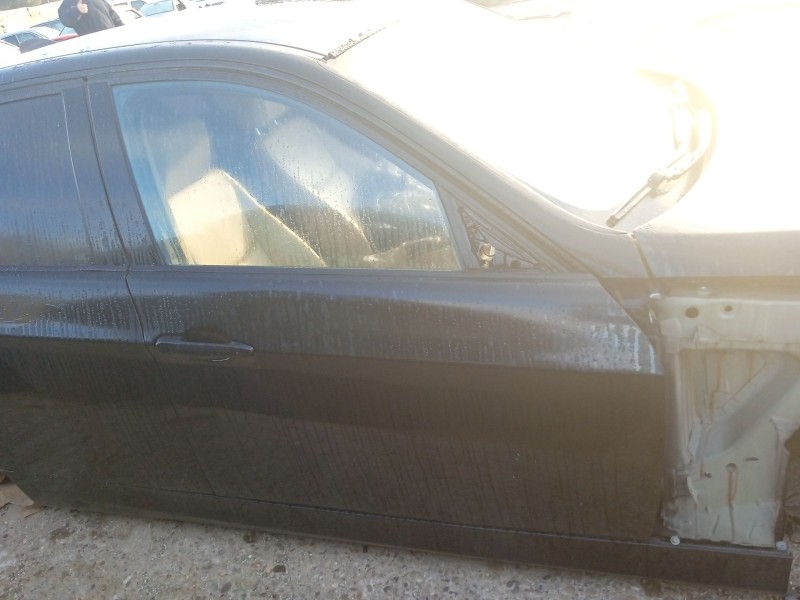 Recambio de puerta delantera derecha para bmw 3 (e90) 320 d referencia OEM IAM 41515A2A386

##########

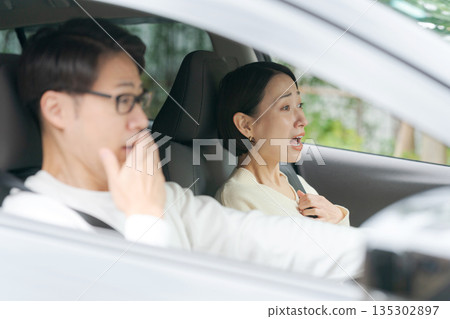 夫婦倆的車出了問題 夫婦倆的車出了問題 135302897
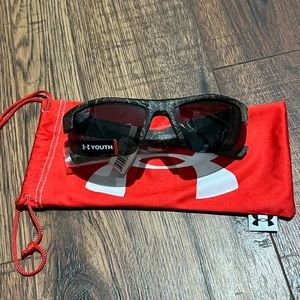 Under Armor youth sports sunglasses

##########

* Exercise brief *
Copy exactly, without pictures, the lines above from the one with "夫婦倆的車出了問題 夫婦倆的車出了問題 135302897" down to the one with "Under Armor youth sports sunglasses", inclusive.

* Expected answer *
 夫婦倆的車出了問題 夫婦倆的車出了問題 135302897
 Under Armor youth sports sunglasses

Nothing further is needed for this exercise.